═════ Provided records ═════
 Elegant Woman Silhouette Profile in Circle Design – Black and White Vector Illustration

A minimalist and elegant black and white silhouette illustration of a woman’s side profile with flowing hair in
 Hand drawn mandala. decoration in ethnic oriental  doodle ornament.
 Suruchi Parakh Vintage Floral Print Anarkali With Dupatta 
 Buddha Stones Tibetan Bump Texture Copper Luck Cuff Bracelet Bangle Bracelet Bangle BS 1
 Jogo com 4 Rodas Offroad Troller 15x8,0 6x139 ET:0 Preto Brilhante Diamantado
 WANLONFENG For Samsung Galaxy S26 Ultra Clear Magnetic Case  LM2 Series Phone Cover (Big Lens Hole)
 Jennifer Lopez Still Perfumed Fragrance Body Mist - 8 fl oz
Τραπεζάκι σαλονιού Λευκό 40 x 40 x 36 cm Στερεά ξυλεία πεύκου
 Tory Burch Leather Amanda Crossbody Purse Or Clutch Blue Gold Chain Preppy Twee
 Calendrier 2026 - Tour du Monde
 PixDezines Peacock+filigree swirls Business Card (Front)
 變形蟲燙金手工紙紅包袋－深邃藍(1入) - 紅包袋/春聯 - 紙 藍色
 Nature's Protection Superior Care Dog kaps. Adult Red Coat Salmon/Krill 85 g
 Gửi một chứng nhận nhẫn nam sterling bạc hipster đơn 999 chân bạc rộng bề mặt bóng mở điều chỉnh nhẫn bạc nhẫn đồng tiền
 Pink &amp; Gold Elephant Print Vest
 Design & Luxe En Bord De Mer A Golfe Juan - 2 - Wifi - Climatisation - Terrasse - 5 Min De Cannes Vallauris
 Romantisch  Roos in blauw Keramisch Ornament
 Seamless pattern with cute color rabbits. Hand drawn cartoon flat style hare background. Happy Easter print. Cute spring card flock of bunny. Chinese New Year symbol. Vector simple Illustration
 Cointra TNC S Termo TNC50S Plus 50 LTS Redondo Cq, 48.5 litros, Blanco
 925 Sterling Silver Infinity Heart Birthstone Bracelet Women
═════
Return the entries above exactly as they were written.

Exercise response ▸
 Elegant Woman Silhouette Profile in Circle Design – Black and White Vector Illustration

A minimalist and elegant black and white silhouette illustration of a woman’s side profile with flowing hair in
 Hand drawn mandala. decoration in ethnic oriental  doodle ornament.
 Suruchi Parakh Vintage Floral Print Anarkali With Dupatta 
 Buddha Stones Tibetan Bump Texture Copper Luck Cuff Bracelet Bangle Bracelet Bangle BS 1
 Jogo com 4 Rodas Offroad Troller 15x8,0 6x139 ET:0 Preto Brilhante Diamantado
 WANLONFENG For Samsung Galaxy S26 Ultra Clear Magnetic Case  LM2 Series Phone Cover (Big Lens Hole)
 Jennifer Lopez Still Perfumed Fragrance Body Mist - 8 fl oz
Τραπεζάκι σαλονιού Λευκό 40 x 40 x 36 cm Στερεά ξυλεία πεύκου
 Tory Burch Leather Amanda Crossbody Purse Or Clutch Blue Gold Chain Preppy Twee
 Calendrier 2026 - Tour du Monde
 PixDezines Peacock+filigree swirls Business Card (Front)
 變形蟲燙金手工紙紅包袋－深邃藍(1入) - 紅包袋/春聯 - 紙 藍色
 Nature's Protection Superior Care Dog kaps. Adult Red Coat Salmon/Krill 85 g
 Gửi một chứng nhận nhẫn nam sterling bạc hipster đơn 999 chân bạc rộng bề mặt bóng mở điều chỉnh nhẫn bạc nhẫn đồng tiền
 Pink &amp; Gold Elephant Print Vest
 Design & Luxe En Bord De Mer A Golfe Juan - 2 - Wifi - Climatisation - Terrasse - 5 Min De Cannes Vallauris
 Romantisch  Roos in blauw Keramisch Ornament
 Seamless pattern with cute color rabbits. Hand drawn cartoon flat style hare background. Happy Easter print. Cute spring card flock of bunny. Chinese New Year symbol. Vector simple Illustration
 Cointra TNC S Termo TNC50S Plus 50 LTS Redondo Cq, 48.5 litros, Blanco
 925 Sterling Silver Infinity Heart Birthstone Bracelet Women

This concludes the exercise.